Great Credit Rating: Does This Assure Me Of A Mortgage Approval?

When it comes to mortgage application and its process, the discussion would always boil down to the importance of your credit rating. It seems that your credit score will be one of the biggest factors that will determine whether you are getting that approval for the loan or not. While the credit rating may be a great indicator of a person’s financial stability and spending habits, it is only one of the many other factors that lenders consider when deciding for the approval of your application or not.

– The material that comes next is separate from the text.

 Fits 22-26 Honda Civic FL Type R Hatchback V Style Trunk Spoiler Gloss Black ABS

Thankfully for those whose credit rating isn’t so good, there are a couple of other factors that come into play. If you have a good credit score yet struggling to get a loan approval, read on to find out what could be the culprit to your problem.

Ratio of Income to Debt

The credit score may say a lot about you and the money you have saved and spent so far, but your debt to income ratio means a lot more. It describes the discrepancy between the money that you are earning and the money that you are spending. Remember that mortgage loan lenders go for people whose income is enough not only for their daily survival but also for the loan payments they will be making. Your source of revenue says a lot about whether you are getting that approval or not.

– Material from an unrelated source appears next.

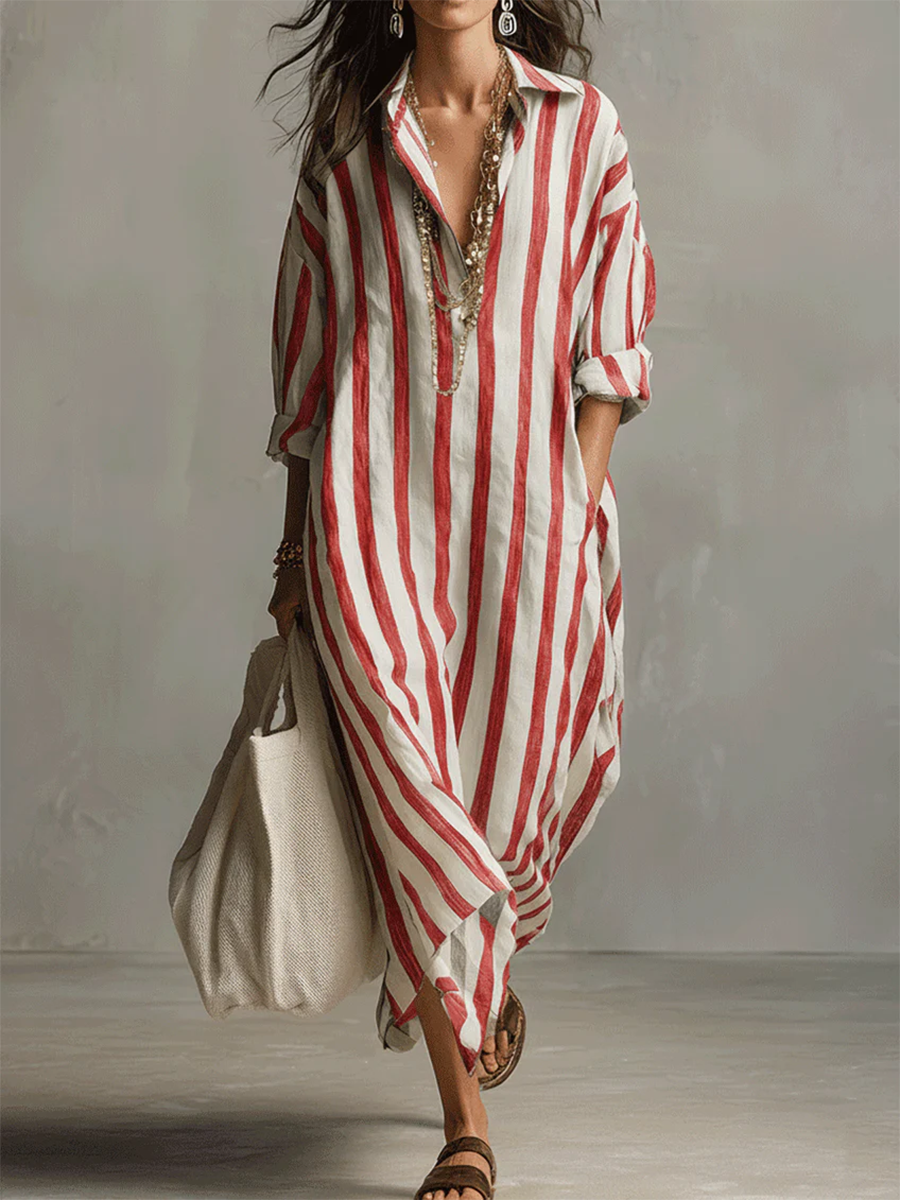 Liora™ | Women's Stripe Oversized Maxi Dress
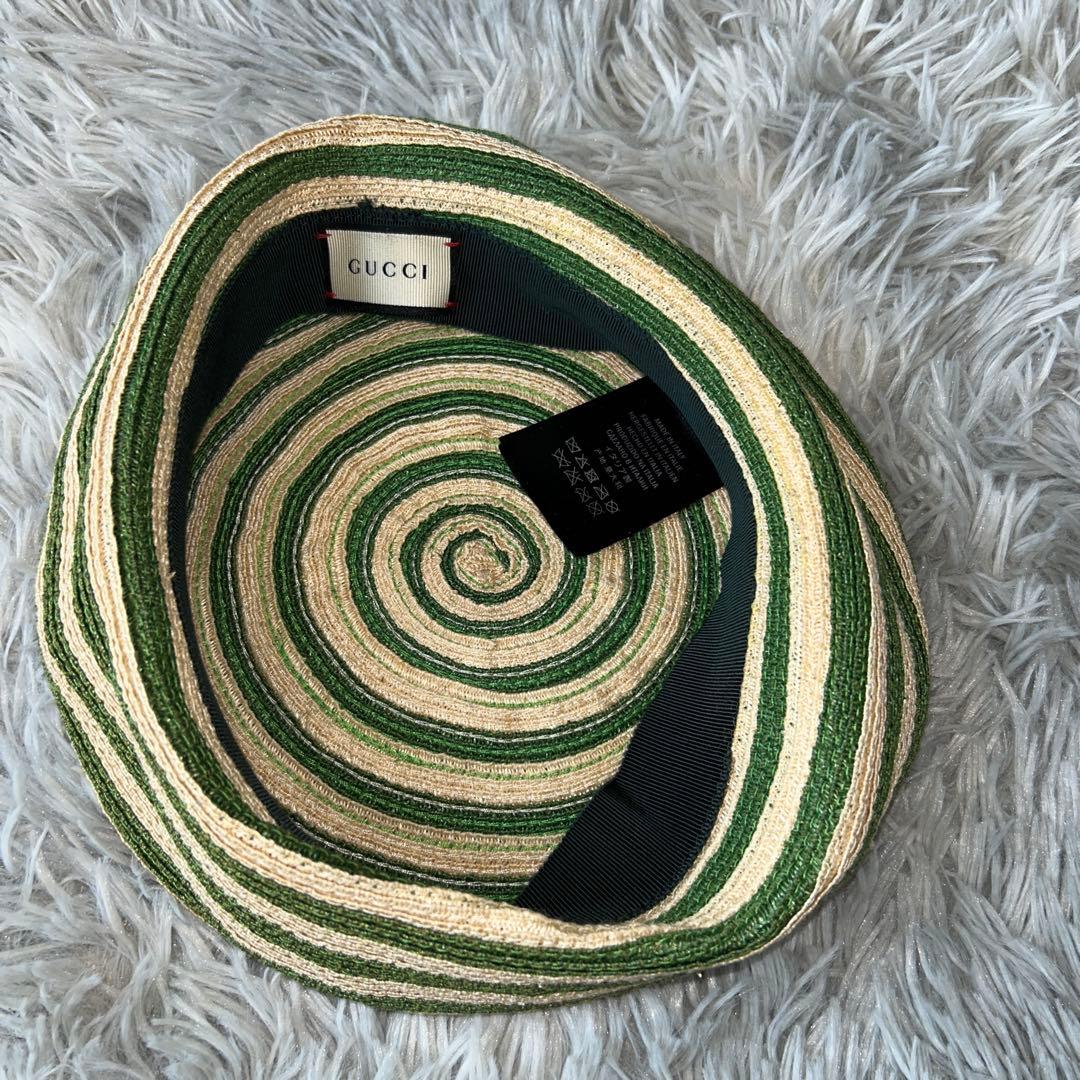 【美品】GUCCI アレッサンドロミケーレ ヘンプ ベレー帽 グリーンストライプ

The goal is that the amount you are earning should be way more than what you owe. To be on the safe side, your debt, including the money that you spend on utility bills and other financial obligations should not be more than 45% of your total monthly earnings. This figure shows lenders that you have a high financial capability of paying for the loan you applied for. Also, it will assure them that you don’t have outstanding loans you cannot pay for when you have the mortgage loan approved.

Cash Savings In Financial Institutions

Buying a house for yourself comes with over the top costs. Apart from the closing costs of the mortgage loan application, you will have to consider payment for home insurance premiums, taxes and other fees that may come with buying your house. Potential lenders will want to see if you have set aside enough to be able to cover all the payments you need to make. The cash in the bank will allow you to establish a sound financial record that could readily speed up the process.

If you’re not sure why your loan application is still not approved, talk to a mortgage advisor. They will be able to address all your queries and concerns.